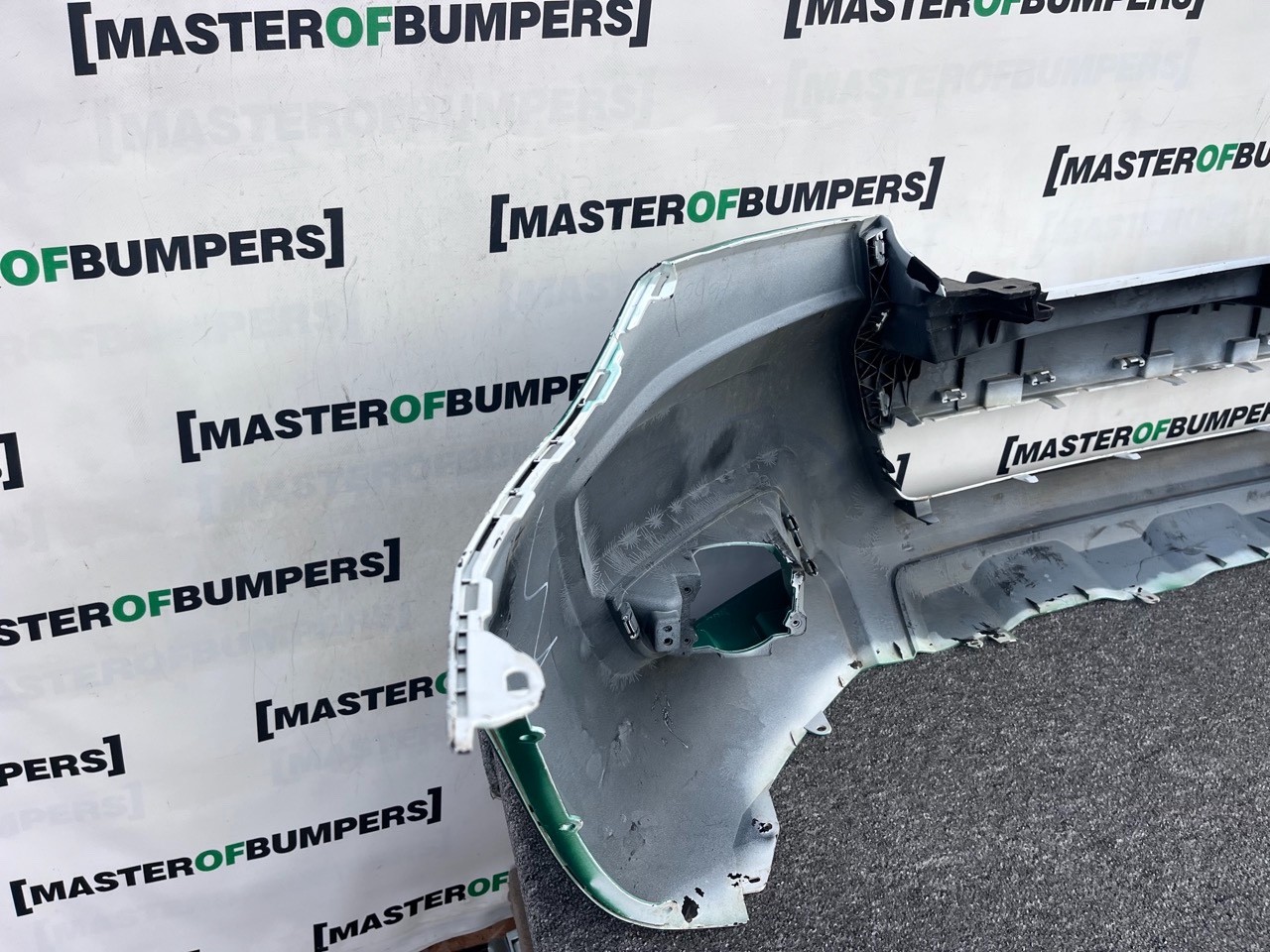 Ford Ranger Limited Pick Up 2016-2019 Front Bumper No Pdc Genuine [f763]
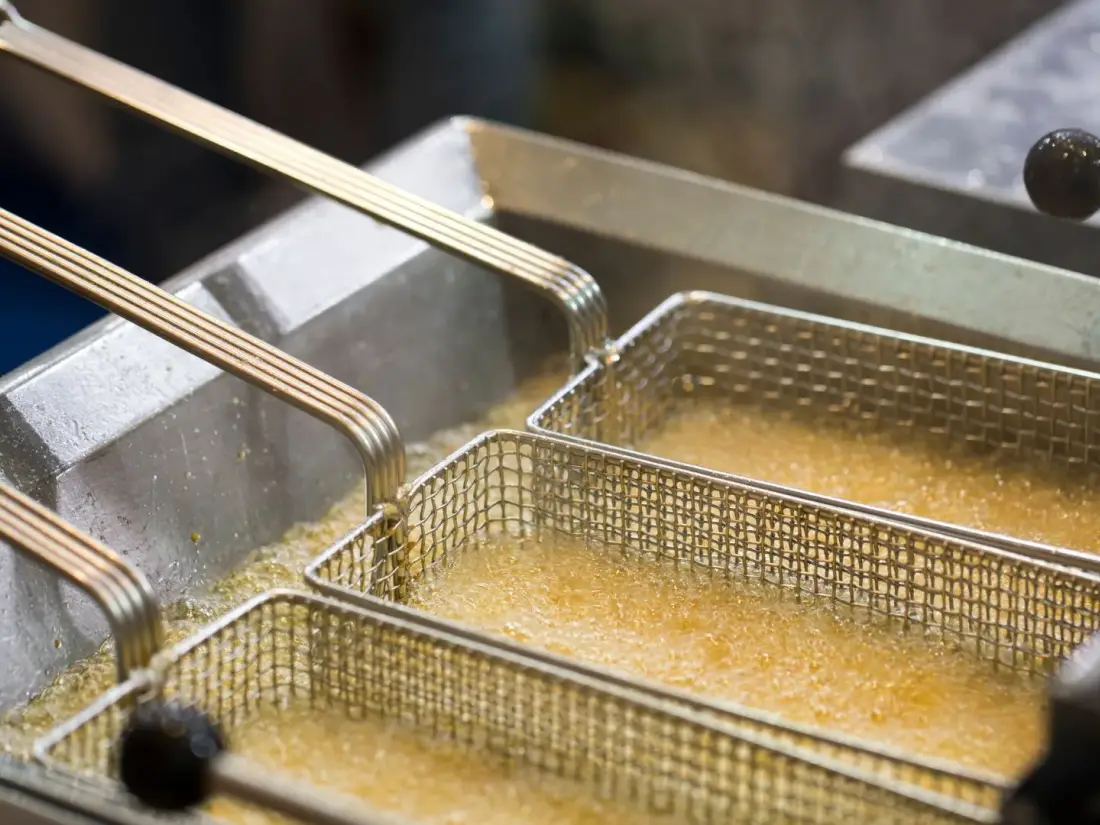 Freidora industrial con aceite en una cocina profesional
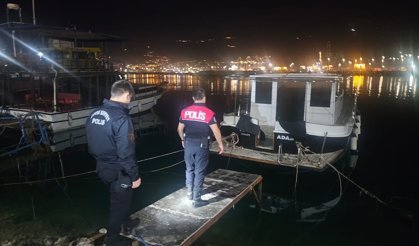 İskenderun’da Balıkçı Barınağına Gece Operasyonu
===============
WHAT YOU ARE ASKED TO DO ▸
When you copy the data above, reproduce each line exactly and skip every image.

WRITTEN ANSWER ▸
 Ford Ranger Limited Pick Up 2016-2019 Front Bumper No Pdc Genuine [f763]
 Freidora industrial con aceite en una cocina profesional
 İskenderun’da Balıkçı Barınağına Gece Operasyonu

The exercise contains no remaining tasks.